It’s ok for you to feel that way. But also you should recognize that this is the stuff your mom was doing before she got pregnant, and getting pregnant made her feel like she needs to do all this stuff (which she can’t physically do) and more with the new baby, and also added in the hormones which will make her thoughts and emotions more extreme.
So the very first thing you should do here is empathize with your mom about how hard her job is. Maybe if you can’t do more, it’s enough to just recognize how much actually needs to be done and feel grateful someone was doing them before they needed your help.
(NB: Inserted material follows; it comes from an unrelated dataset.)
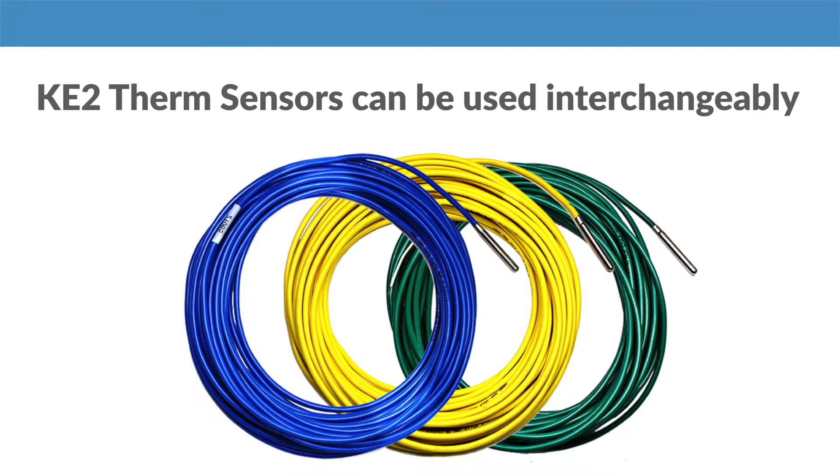They can all be used interchangeably for air, evaporator coil, or even suction temperatures.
You sound angry, overworked, and stressed out and that’s understandable. I’m sure it’s not easy taking care of your siblings. But that’s only a fraction of what your mom is feeling like right now. She doesn’t deserve to be insulted. She deserves the help you’re giving her because she raised you right up until now. If she raised shorty children you wouldn’t care about your siblings.
So yeah I think she probably is a good mom who just needs more help. And if you’re doing a lot of work and your mom needs even more help, maybe recruit your brother or half brothers to do some other work. They could do more cleaning or they could hold the baby (12 is old enough to hold or play with the baby for an hour).
I’m sorry if it sounds like I’m just taking your mom’s side, I’m not. You’re doing a lot of great things, and I hope your parents and siblings start to acknowledge that and appreciate you. But I hope you also start to acknowledge and appreciate what your mom was able to do for you all before she had the baby. You both deserve that.